Posted on February 26, 2014 by Liz

One for the readers who enjoy Magic Eye pictures, the spot the difference puzzles in weekly magazines or in fact, just shiny things. Elisa Insua is a self-taught artist from Buenos Aires, Argentina who uses just about anything to create found objects with. This can be seen clearly in her mixed media assemblage mosaics that include a whole host of random items. There are the everyday objects; keys, coins, hair clips and buttons and also the more unusual, such as miniature alcohol bottles (perhaps not so unusual!), tiny my little ponies and smurfs, Toy Story’s Woody and crucifix pendants.
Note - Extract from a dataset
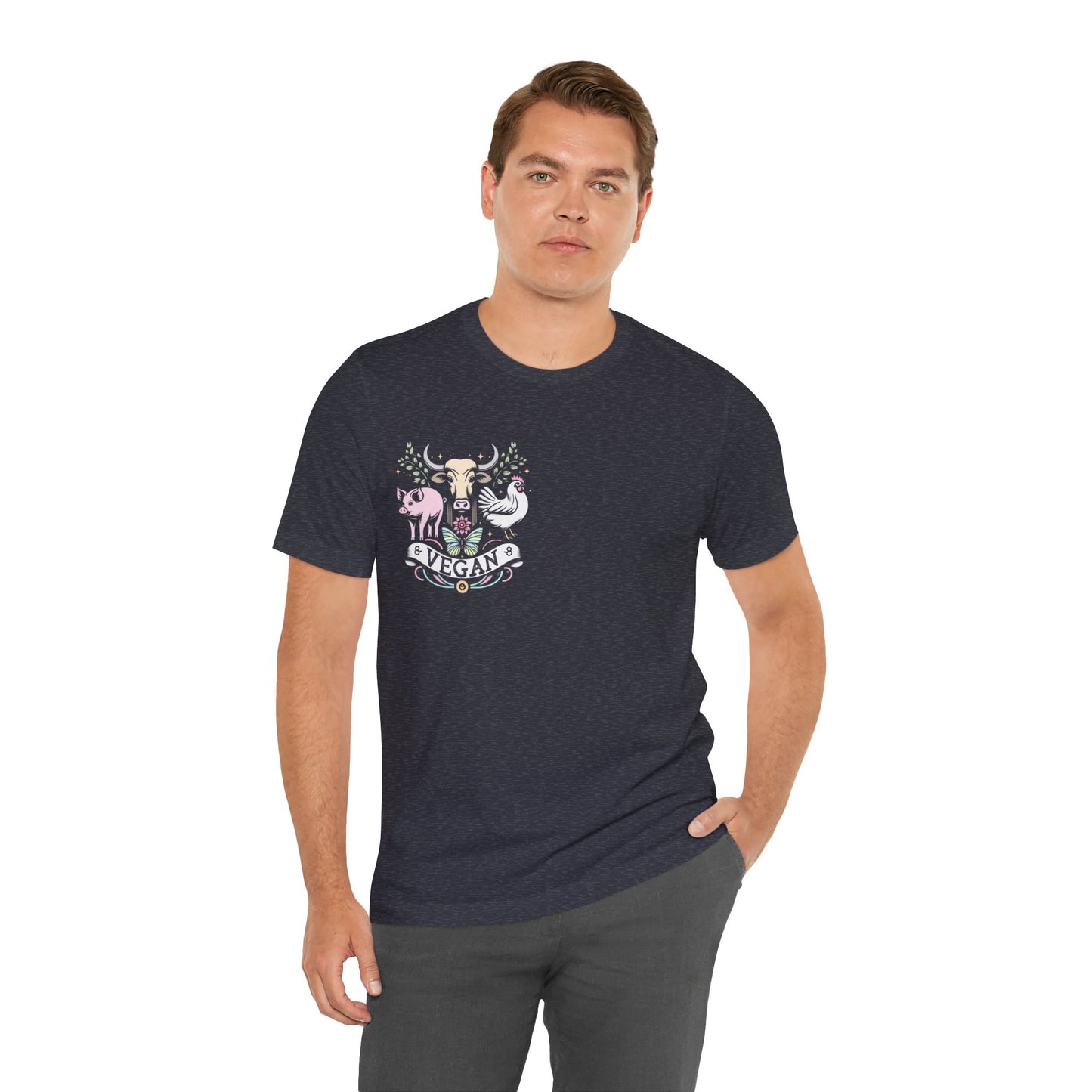 Protect the Rights of All Beings Vegan T-Shirt in Gray and Navy {Unisex}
Elisa Insua – Jurassic Punk

This all harks back to when she began her career as 16 year old teenager, using the materials that surrounded her – happy meal toys, pens, jewellery. Elisa smartly calls these items ‘resurrected trash’. There is definitely a sense of childhood playfulness, of collecting toys and sentimental knickknacks, that can be both literally and metaphorically found in her pieces. This allows for viewers to search for objects remembered from their youth, whilst also appreciating their reanimation in new bodies.

Elisa Insua – El Opio de los Pueblos (Opium of the People)

Elisa herself was inspired by Argentinean artists such as Antonio Berni, Jorge de La Vega and Grupo Mondongo, who also played with mixed media. It is this technique that she fell in love with and has evolved with: “I love the texture you can create with different objects, and I love the fact that each piece I include has its own long history (besides the message that so many little things together can say about consumption and accumulation!)”

Elisa Insua – El Mundo Según (The World According To)

The pieces shown are just some of her favourites, many of take a strong inspiration from pop culture. She is inspired by anything ‘from celebrities to bumper stickers, religion, cartoons, movies and even brands’, hence the mosaic style. Her found objects can be related to on a lot of levels by a wide range of people, but also have a deeper meaning, relating to ‘power, idolatry, ambition, desire and capitalism.’ We’d be curious to see what feelings they trigger in our readers – and also how long you spend trying to disassemble them with your eyes!